Carvalho da Silva –
Jornal de Notícias, opinião
Nunca as palavras
igualdade e equidade foram utilizadas de forma tão manipulada e subvertida. Não
há medida do Governo que vise cortar nos salários, nas pensões de reforma, nos
subsídios de desemprego, nas mais diversas prestações sociais, nas condições de
emprego, no acesso à saúde ou ao ensino, nos mais variados direitos das
pessoas, que não seja embrulhada em pretensos objetivos de
"igualdade" e "equidade".
A cada dia,
descemos um degrau no patamar do desenvolvimento da sociedade portuguesa - é o
caminho para uma "equidade" sustentada na injustiça e na pobreza.
Como repetidamente digo, estamos a construir uma harmonização no retrocesso.
A democratização da
sociedade, o progresso social, o desenvolvimento mais harmonioso e humano que
se conseguiu construir em Portugal tomaram, como em qualquer outro país, as
políticas do trabalho e do emprego, da saúde, da educação e formação, da
segurança e proteção social, da igualdade nas suas múltiplas expressões, da
criação e sustentação de infraestruturas de base e da prestação de serviços
essenciais, como políticas que devem assegurar condições de mobilidade social.
Esta mobilidade procura assegurar a grandes massas de indivíduos a passagem a
um patamar um pouco melhor na escala social e propiciar, a toda a sociedade,
avanços com sentido progressista.
Ora, as receitas do
Governo e da troika que o comanda têm assentado na identificação de diferenças
entre as condições das pessoas - excluindo os detentores de efetivo poder e
riqueza - para se definir o menor denominador comum. Trata-se de um nivelar por
baixo, produzindo uma mobilidade descendente. A maioria empobrece em nome da
igualdade e da equidade, mas uns quantos ficam cada vez mais ricos.
Arrepia qualquer
português minimamente informado ouvir, ver e ler, nos últimos dias, as milhares
de repetições da palavra "convergência", a propósito do corte injusto
e ilegal (porque de absoluta unilateralidade e contra a legitimidade
democrática) que o Governo quer aplicar aos futuros e atuais pensionistas da
Caixa Geral de Aposentações.
A estes reformados,
em dois anos, é diminuído o valor das pensões, de forma direta, entre 13,5% e
20%, se contarmos com a "Contribuição Extraordinária de
Solidariedade" que já é aplicada este ano e que o ministro Poiares Maduro
considera se manterá, "em princípio", no futuro.
A estes cortes
associam-se mecanismos de degradação do valor futuro das pensões. Tudo
apresentado como atos de justiça e de convergência. A favor de quem?
Quando analisamos o
setor do ensino, observamos que o abaixamento das condições de vida das
pessoas, o desemprego, a redução dos salários e das pensões, a emigração, o
encerramento de empresas, fizeram desaparecer, sem deixar rasto, muitos
milhares de potenciais alunos para as nossas escolas. Agora, qualquer cidadão
menos atento aplaude a ideia de que se há menos alunos, não é preciso contratar
professores.
Entretanto, os
professores foram sendo estigmatizados como privilegiados e pouco ocupados. E
os fazedores de opinião de serviço não se cansaram de zurzir na escola pública.
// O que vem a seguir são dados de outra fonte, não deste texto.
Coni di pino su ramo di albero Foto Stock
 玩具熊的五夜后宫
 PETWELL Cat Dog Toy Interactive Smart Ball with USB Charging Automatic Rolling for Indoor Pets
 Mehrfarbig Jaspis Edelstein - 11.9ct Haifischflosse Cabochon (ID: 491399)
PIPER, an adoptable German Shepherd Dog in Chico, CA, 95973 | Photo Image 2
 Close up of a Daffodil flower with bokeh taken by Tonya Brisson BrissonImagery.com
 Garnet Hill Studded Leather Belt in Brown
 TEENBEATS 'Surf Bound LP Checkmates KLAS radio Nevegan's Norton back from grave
Criaram-se assim condições para constituir turmas enormes, acabar com
disciplinas "sem utilidade", com apoios ao estudo e ao funcionamento
estabilizado das escolas e para lançar essa medida de retrocesso conceptual do
sistema de ensino que é o cheque-ensino.
É uma burla afirmar
que se vai assegurar às famílias a igualdade e a liberdade de escolha de escola
para os seus filhos. A liberdade afirmada sem reconhecimento das diferenças em
que os cidadãos - neste caso, as crianças e as suas famílias - se encontram, oprime,
não liberta.
A uma escola
privada pode dar jeito ter alguns poucos casos de alunos carenciados para
publicidade, mas as "leis do mercado" por que se rege, o objetivo do
lucro, jamais lhe permitem ser uma escola de qualidade para todos.
O que está em curso
no nosso país é um programa violento de austeridade associado a um processo de
privatização de tudo o que possa dar lucro, de liberalização, de transformação
profunda do país debaixo de uma conceção ideológica que põe em causa o Estado
de direito democrático e nos fará regredir.